End-to-end training#

In the formulation above we have clearly split the en- / decoding and the time prediction parts. However, in practice an end-to-end training of all networks involved in a certain task is usually preferable, as the networks can adjust their behavior in accordance with the other components involved in the task.

For the time prediction, we can formulate the objective in terms of \(\mathbf{s}\), and use en- and decoder in the time prediction to compute the loss:

\[ \text{arg min}_{\theta_e,\theta_p,\theta_d} | f_d( f_p( f_e( \mathbf{s}_{t} ;\theta_e) ;\theta_p) ;\theta_d) - \mathbf{s}_{t+1} |_2^2 \]

Ideally, this step is furthermore unrolled over time to stabilize the evolution over time. The resulting training will be significantly more expensive, as more weights need to be trained at once, and a much larger number of intermediate states needs to be processed. However, the increased cost typically pays off with a reduced overall inference error.
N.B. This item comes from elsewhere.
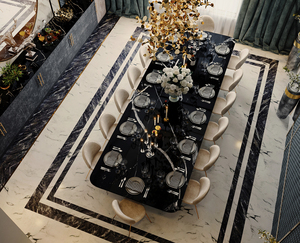 <span class=keywords><strong>Tavolo</strong></span> da pranzo in <span class=keywords><strong>marmo</strong></span> <span class=keywords><strong>nero</strong></span> più venduto 14 posti mobili per sala da pranzo in metallo set di sedie da pranzo in metallo trapuntato - Product Image 1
_images/others-timeseries-lss-subdiv-prediction.jpg

Fig. 30 Several time frames of an example prediction from [WKA+20], which additionally couples the learned time evolution with a numerically solved advection step. The learned prediction is shown at the top, the reference simulation at the bottom.#

To summarize, DL allows us to move from linear subspaces to non-linear manifolds, and provides a basis for performing complex steps (such as time evolutions) in the resulting latent space.

Source code#

In order to make practical experiments in this area of deep learning, we can recommend this latent space simulation code, which realizes an end-to-end training for encoding and prediction. Alternatively, this learned model reduction code focuses on the encoding and decoding aspects.

Both are available as open source and use a combination of TensorFlow and mantaflow as DL and fluid simulation frameworks.